Work required: After locating "Novíssimo! Charmoso e" in the listing below, copy that line and each one after it exactly, ending with the line that has "Apartamento Aloha Puerto planta 8".

Data to process:
========================================

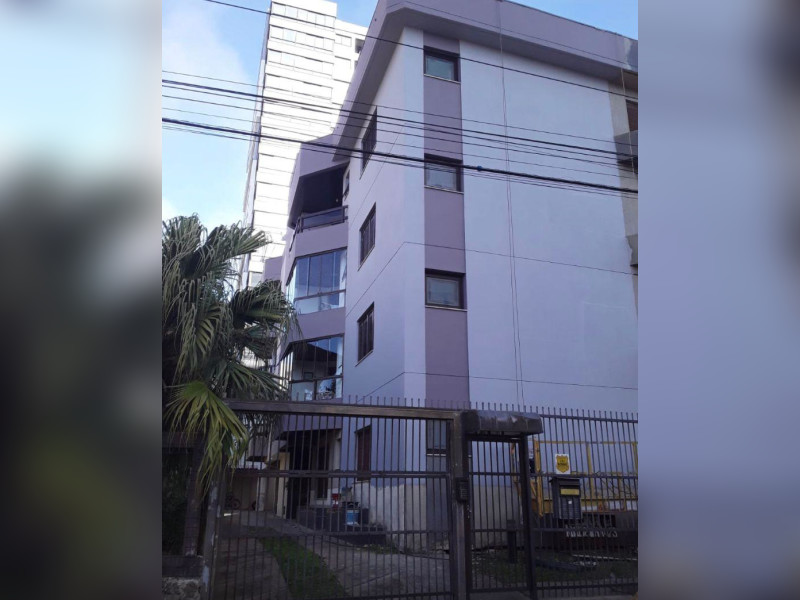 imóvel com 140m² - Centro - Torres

========================================

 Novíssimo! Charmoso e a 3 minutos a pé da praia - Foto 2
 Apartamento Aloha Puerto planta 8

========================================

Written response:
 Novíssimo! Charmoso e a 3 minutos a pé da praia - Foto 2
 Apartamento Aloha Puerto planta 8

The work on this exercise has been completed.